What the task requires
The answer is the full listing restated exactly, without any pictures.

Records shown

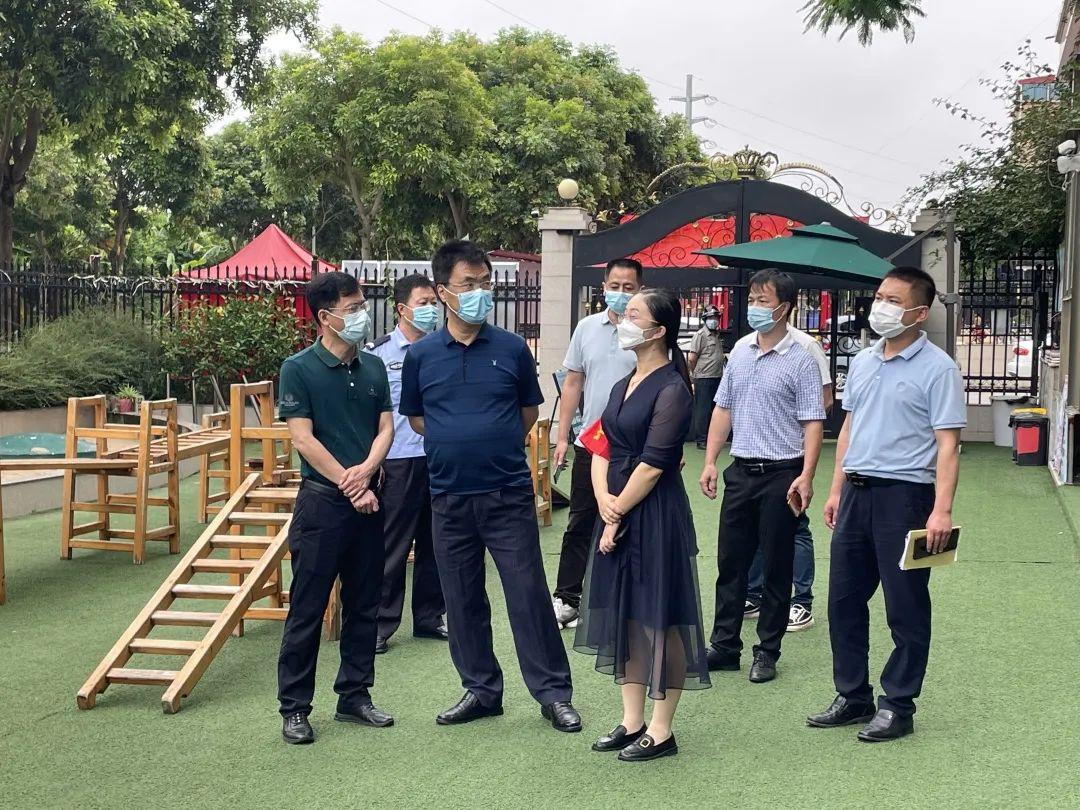 仙游教育·每日一圖|黃朝陽帶隊(duì)檢查幼兒園校車安全管理工作 仙游教育·每日一圖|黃朝陽帶隊(duì)檢查幼兒園校車安全管理工作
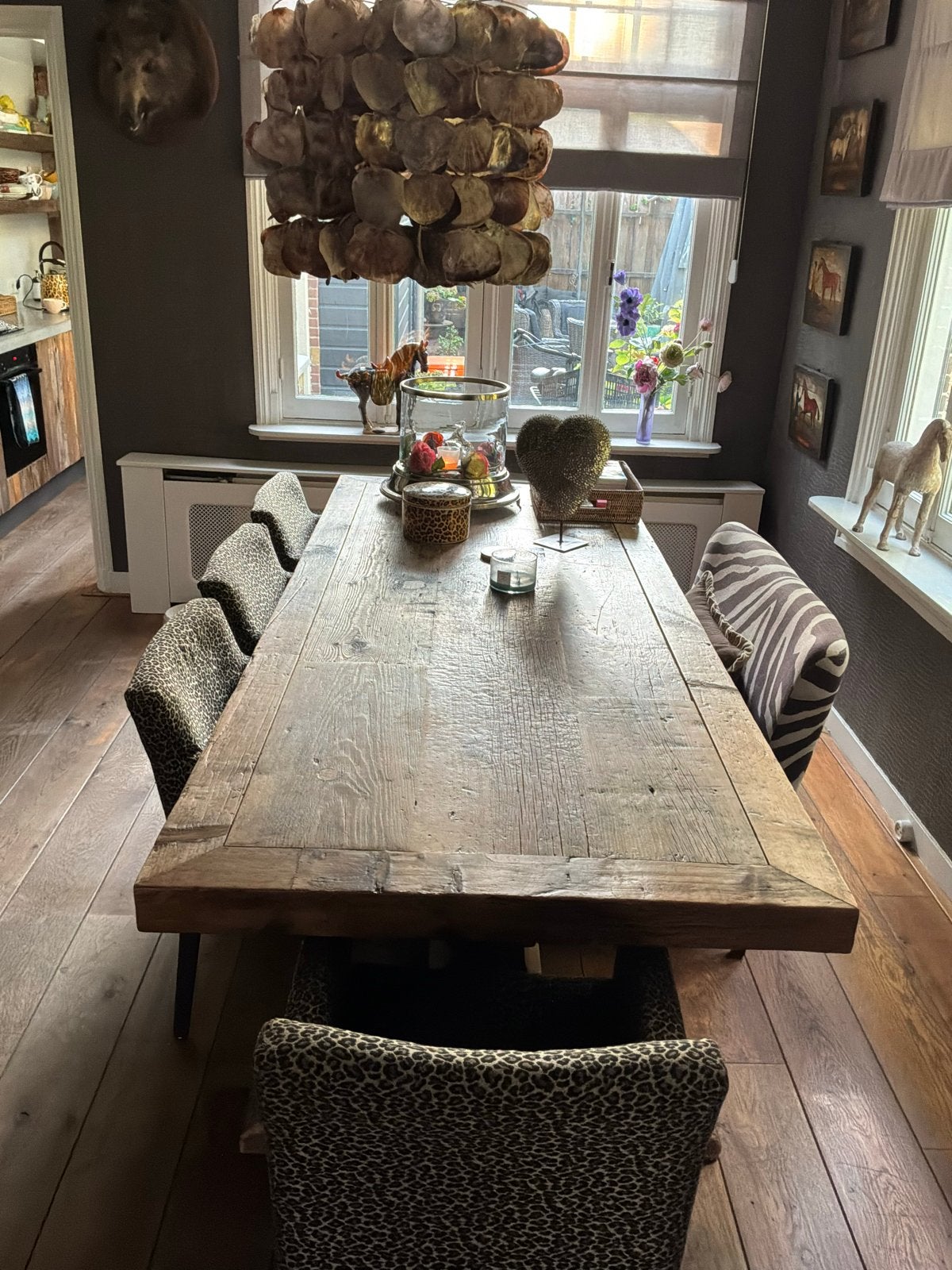 Robuuste teak klooster eettafel met klassieke uitstraling, Huis en Inrichting, Tafels | Eettafels, Ophalen, Gebruikt, 100 tot 150 cm
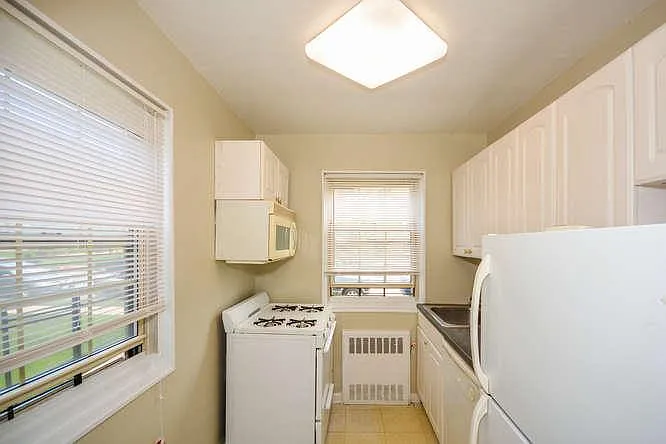 69-20B 215th St #160 — Photo 3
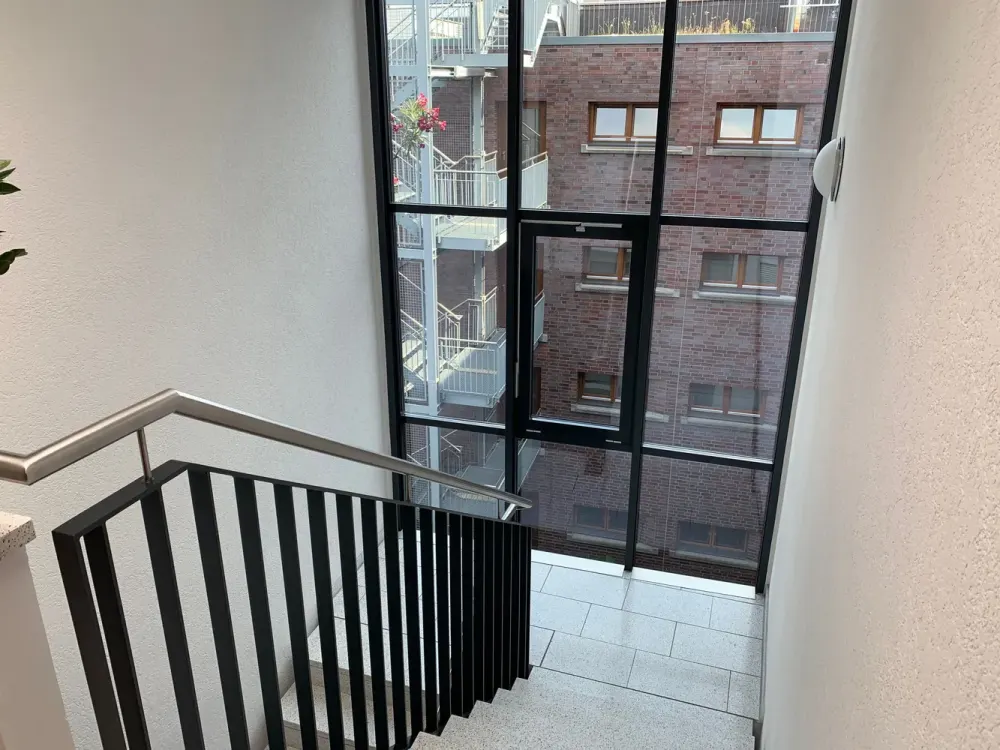 Top-Lage in Rodenkirchen - moderne, offene 2-Zimmer Wohnung in zentraler Lage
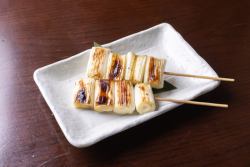 2 green onion skewers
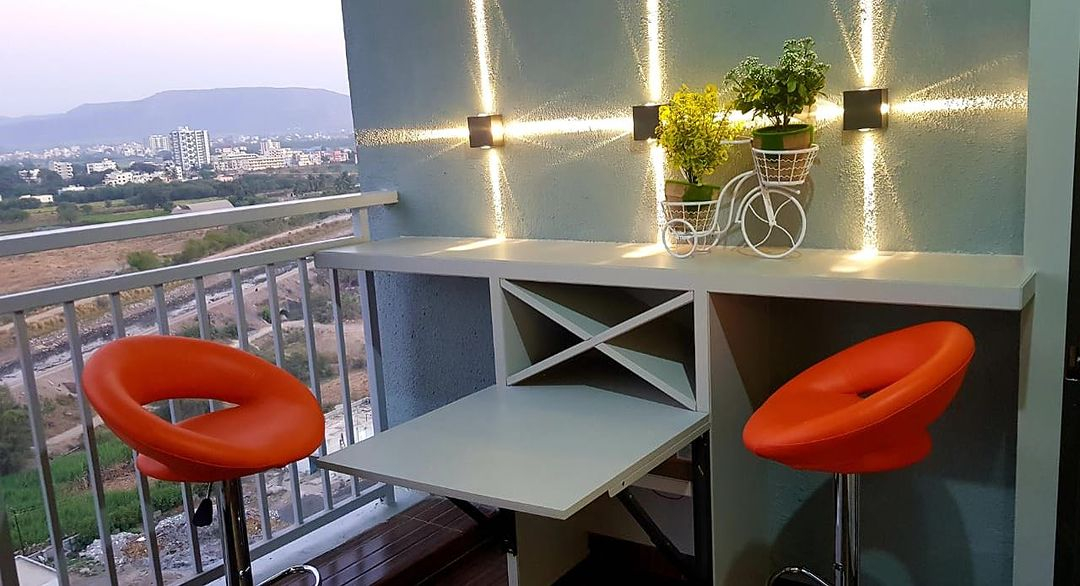 This bar table has two parts. The first one is on the wall which can't be folded. Then, the second one is an additional that can be folded.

Reply
 仙游教育·每日一圖|黃朝陽帶隊(duì)檢查幼兒園校車安全管理工作 仙游教育·每日一圖|黃朝陽帶隊(duì)檢查幼兒園校車安全管理工作
 Robuuste teak klooster eettafel met klassieke uitstraling, Huis en Inrichting, Tafels | Eettafels, Ophalen, Gebruikt, 100 tot 150 cm
 69-20B 215th St #160 — Photo 3
 Top-Lage in Rodenkirchen - moderne, offene 2-Zimmer Wohnung in zentraler Lage
 2 green onion skewers
 This bar table has two parts. The first one is on the wall which can't be folded. Then, the second one is an additional that can be folded.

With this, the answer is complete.